Required action —
Only an exact copy of the listing below will do.
'''
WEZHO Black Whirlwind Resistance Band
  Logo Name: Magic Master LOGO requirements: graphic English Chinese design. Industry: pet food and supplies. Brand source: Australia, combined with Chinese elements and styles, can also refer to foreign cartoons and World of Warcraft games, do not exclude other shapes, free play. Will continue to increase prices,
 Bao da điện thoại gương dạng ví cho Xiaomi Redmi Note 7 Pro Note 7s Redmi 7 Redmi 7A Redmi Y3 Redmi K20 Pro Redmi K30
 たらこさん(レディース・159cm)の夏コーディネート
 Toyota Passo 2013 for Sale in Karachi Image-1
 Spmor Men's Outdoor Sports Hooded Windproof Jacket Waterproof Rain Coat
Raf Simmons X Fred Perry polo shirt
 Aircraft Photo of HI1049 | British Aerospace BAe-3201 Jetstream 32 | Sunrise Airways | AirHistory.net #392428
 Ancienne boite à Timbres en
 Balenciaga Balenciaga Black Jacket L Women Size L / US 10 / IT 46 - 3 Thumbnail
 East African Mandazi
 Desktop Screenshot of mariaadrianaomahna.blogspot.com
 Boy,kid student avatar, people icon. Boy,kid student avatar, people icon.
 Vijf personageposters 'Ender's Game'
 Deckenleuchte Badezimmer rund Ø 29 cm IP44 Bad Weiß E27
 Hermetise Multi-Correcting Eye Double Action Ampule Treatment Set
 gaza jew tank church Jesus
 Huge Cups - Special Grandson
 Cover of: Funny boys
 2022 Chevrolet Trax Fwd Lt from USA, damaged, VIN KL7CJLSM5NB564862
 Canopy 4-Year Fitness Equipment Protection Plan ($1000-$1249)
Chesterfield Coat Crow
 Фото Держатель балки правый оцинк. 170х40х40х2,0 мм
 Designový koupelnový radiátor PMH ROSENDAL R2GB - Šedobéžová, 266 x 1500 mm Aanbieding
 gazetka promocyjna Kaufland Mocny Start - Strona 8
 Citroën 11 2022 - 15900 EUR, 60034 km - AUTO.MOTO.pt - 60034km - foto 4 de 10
'''
Written solution —
WEZHO Black Whirlwind Resistance Band
  Logo Name: Magic Master LOGO requirements: graphic English Chinese design. Industry: pet food and supplies. Brand source: Australia, combined with Chinese elements and styles, can also refer to foreign cartoons and World of Warcraft games, do not exclude other shapes, free play. Will continue to increase prices,
 Bao da điện thoại gương dạng ví cho Xiaomi Redmi Note 7 Pro Note 7s Redmi 7 Redmi 7A Redmi Y3 Redmi K20 Pro Redmi K30
 たらこさん(レディース・159cm)の夏コーディネート
 Toyota Passo 2013 for Sale in Karachi Image-1
 Spmor Men's Outdoor Sports Hooded Windproof Jacket Waterproof Rain Coat
Raf Simmons X Fred Perry polo shirt
 Aircraft Photo of HI1049 | British Aerospace BAe-3201 Jetstream 32 | Sunrise Airways | AirHistory.net #392428
 Ancienne boite à Timbres en
 Balenciaga Balenciaga Black Jacket L Women Size L / US 10 / IT 46 - 3 Thumbnail
 East African Mandazi
 Desktop Screenshot of mariaadrianaomahna.blogspot.com
 Boy,kid student avatar, people icon. Boy,kid student avatar, people icon.
 Vijf personageposters 'Ender's Game'
 Deckenleuchte Badezimmer rund Ø 29 cm IP44 Bad Weiß E27
 Hermetise Multi-Correcting Eye Double Action Ampule Treatment Set
 gaza jew tank church Jesus
 Huge Cups - Special Grandson
 Cover of: Funny boys
 2022 Chevrolet Trax Fwd Lt from USA, damaged, VIN KL7CJLSM5NB564862
 Canopy 4-Year Fitness Equipment Protection Plan ($1000-$1249)
Chesterfield Coat Crow
 Фото Держатель балки правый оцинк. 170х40х40х2,0 мм
 Designový koupelnový radiátor PMH ROSENDAL R2GB - Šedobéžová, 266 x 1500 mm Aanbieding
 gazetka promocyjna Kaufland Mocny Start - Strona 8
 Citroën 11 2022 - 15900 EUR, 60034 km - AUTO.MOTO.pt - 60034km - foto 4 de 10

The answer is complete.